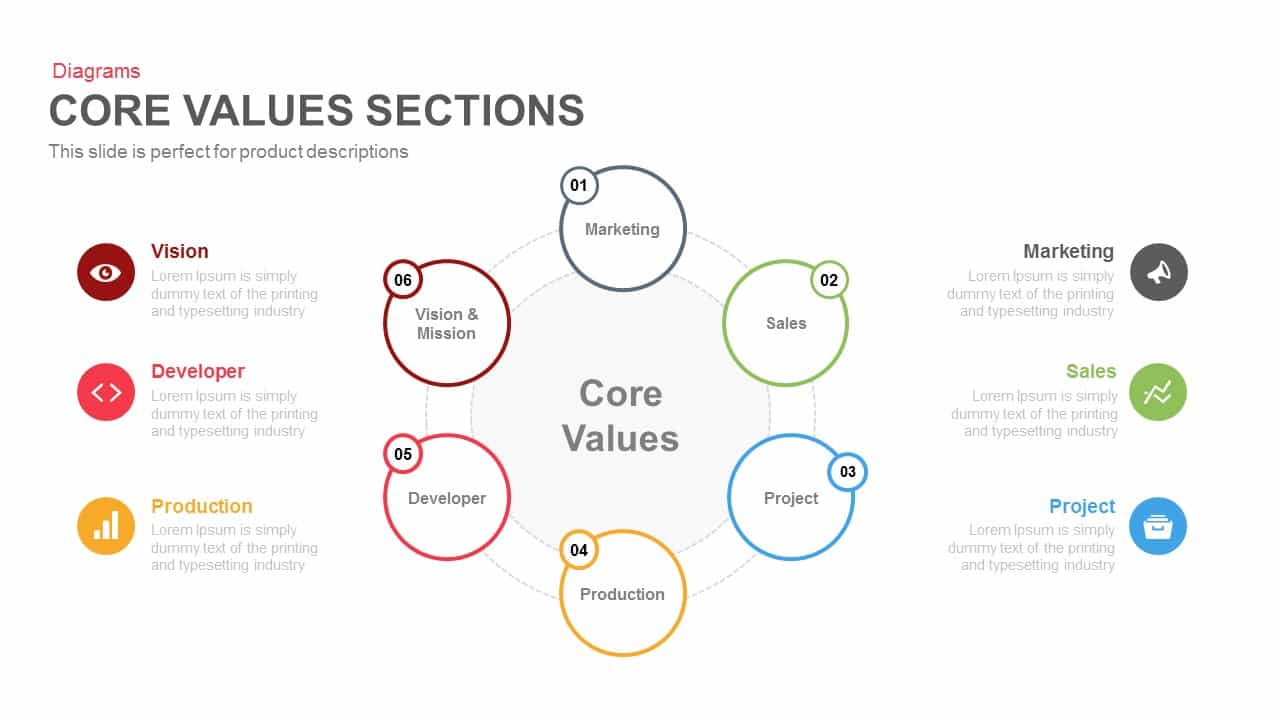 presentation about values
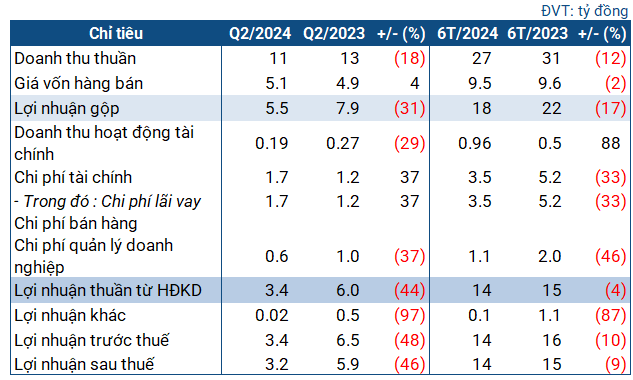 The Unforgiving Weather: How it Caused a 46% Drop in Profit for Song Vang Hydropower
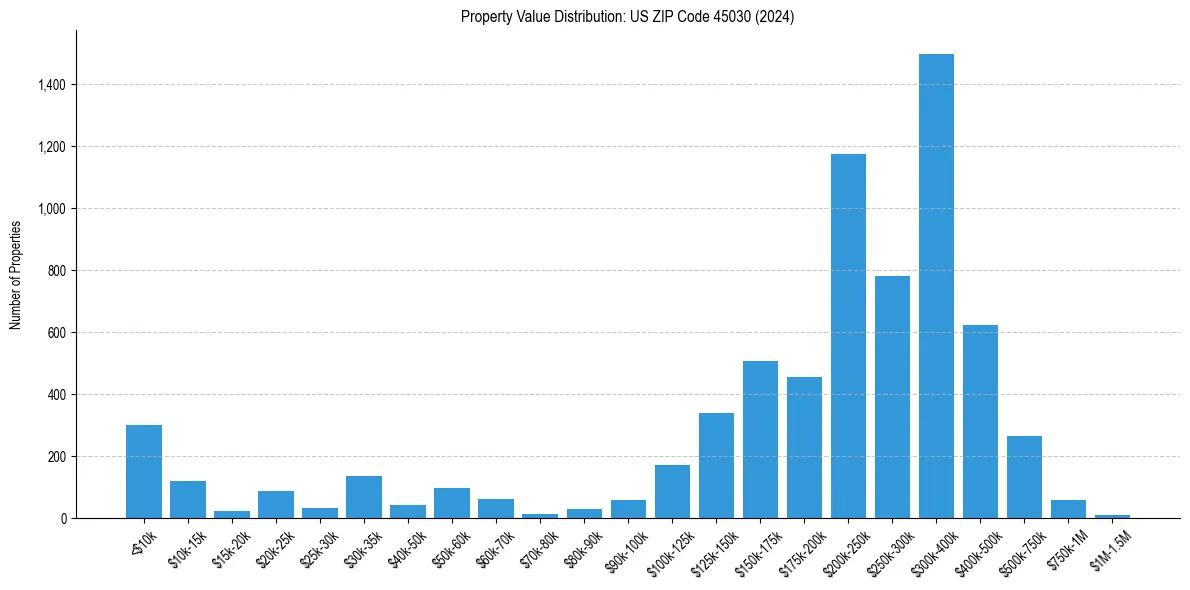 Value Distribution for 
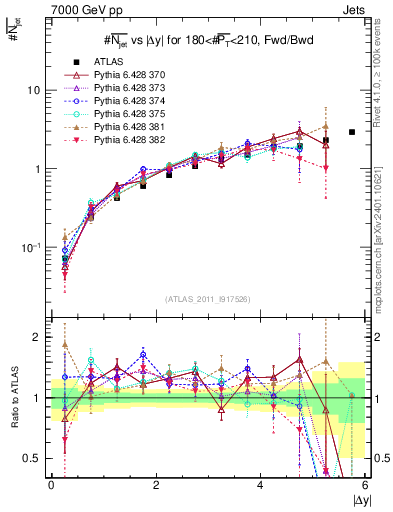 Plot of njets-vs-dy-fb in 7000 GeV pp collisions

▶ _TASK PROMPT_: Return the full listing exactly as it appears above, without its pictures.

▶ _ANSWER BOX_:
 presentation about values
 The Unforgiving Weather: How it Caused a 46% Drop in Profit for Song Vang Hydropower
 Value Distribution for 
 Plot of njets-vs-dy-fb in 7000 GeV pp collisions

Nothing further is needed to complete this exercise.